Vinegar Ferry Road is expected to remain closed from Route 441 to Martha Drive for about 30 minutes.
Susquehanna Regional police Lt. Stephen Englert said an ATF specialist on Monday will try to determine the cause of the fire that injured two people at 275 Vinegar Ferry Road near Maytown.
"Because of the extent of damage — it's making it difficult," Englert said. "There's not much left."
The fireworks fed multiple explosions that startled neighbors.
Englert said officials from ATF were summoned because explosives were involved.
As part of the investigation, Englert said police are trying to determine the roles of other people who were present at the time of the fire.
Englert also said a background check will be done on the property owner, Brian Bachman, to determine his employment history.
Bachman directed a fireworks show for the Maytown's 250th Anniversary celebration in 2010, according to Maytown's website.
The site also lists Bachman as being associated with Schaefer Pyrotechnics, Inc.
Including a location in Ronks, Schaefer Pyrotechnics serves Pennsylvania, Maryland, New Jersey, Delaware, Virginia and West Virginia, according to its website.
Bachman has been involved in pyrotechnics for about 30 years, according to Englert.
Englert said for the last few years, with the township's permission, Bachman has had a party and set off fireworks in a field near his residence. A show was scheduled for Oct. 11.
East Donegal Township manager Jeff Butler said Bachman has filled out an application to gain permission and the necessary insurance coverage to host a fireworks display.
Permits have been issued for fireworks displays at Bachman's residence since 2008, Butler said.
Butler added that Bachman applied for a permit for a display on Oct. 11.
Bachman's wife, Diane, was injured in the blaze.
Mrs. Bachman and a man, George Chronister III, of York, were taken by ambulance to Lancaster General Hospital.

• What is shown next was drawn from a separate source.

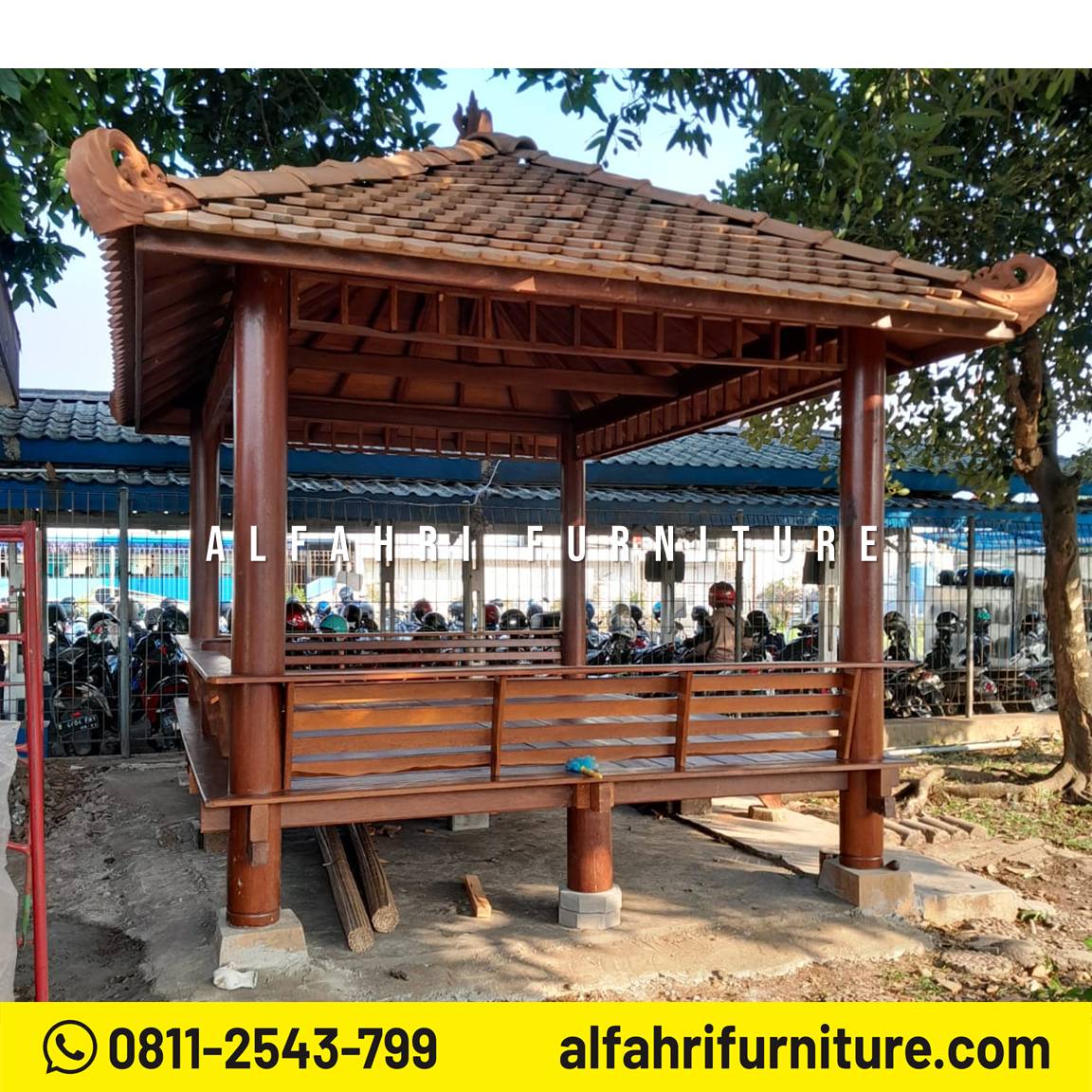 Gazebo Kayu Modern 3x4 Meter untuk Area Terbuka Atap Genteng Sirap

Mrs. Bachman was treated and released, Englert said.
Chronister, 50, was transferred to the burn unit at Crozer-Chester Medical Center in Upland where he was listed in stable condition Monday morning.

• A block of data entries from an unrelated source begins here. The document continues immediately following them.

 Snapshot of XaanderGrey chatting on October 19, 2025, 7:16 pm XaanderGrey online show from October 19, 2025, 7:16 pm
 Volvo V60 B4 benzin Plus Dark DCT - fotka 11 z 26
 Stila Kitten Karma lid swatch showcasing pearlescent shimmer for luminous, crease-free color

His injuries were serious but didn't appear life-threatening, according to Englert.
Fire units were dispatched to the Bachman property just after 3 p.m. for what initially was reported as a barn fire involving multiple explosions.
An official arriving at the scene reported two burn victims lying in the grass and a three-acre field on fire. He also reported to county dispatchers that fireworks likely were stored in the building that was on fire.
The call was upgraded to a second alarm, drawing fire crews from about a dozen companies, including departments in York and Dauphin counties. About 30 pieces of fire apparatus were dispatched to the scene.
Crews knocked down the bulk of the fire within an hour, according to radio reports.
The garage and a nearby trailer were destroyed. At least two vehicles also caught fire.
Englert said Bachman had permits to possess what he called "commercial-grade" fireworks. "There was nothing illegal going on."
Some residents said they thought a plane crashed when they heard loud booms and felt the earth shake under their feet, then watched as plumes of heavy black smoke rose from a distance.
One man, who asked not to be identified, said he was in his backyard about a half-mile away when he heard a boom then saw a cloud of smoke, about 200 feet wide, begin to rise about 100 feet in the air.
His daughter said it was "like a volcano going up."
Bob Neiss, who lives nearby on Vinegar Ferry Road, said he jumped in his truck and drove to the Bachman home after hearing the explosions Sunday afternoon.
Regarding the injured, Neiss said, "The hand of God was on them."
Neiss said Bachman was always "very careful" in dealing with fireworks.
Other residents took to social media to report explosions so loud and violent that their houses shook. Some said smoke from the blaze could be seen from miles away.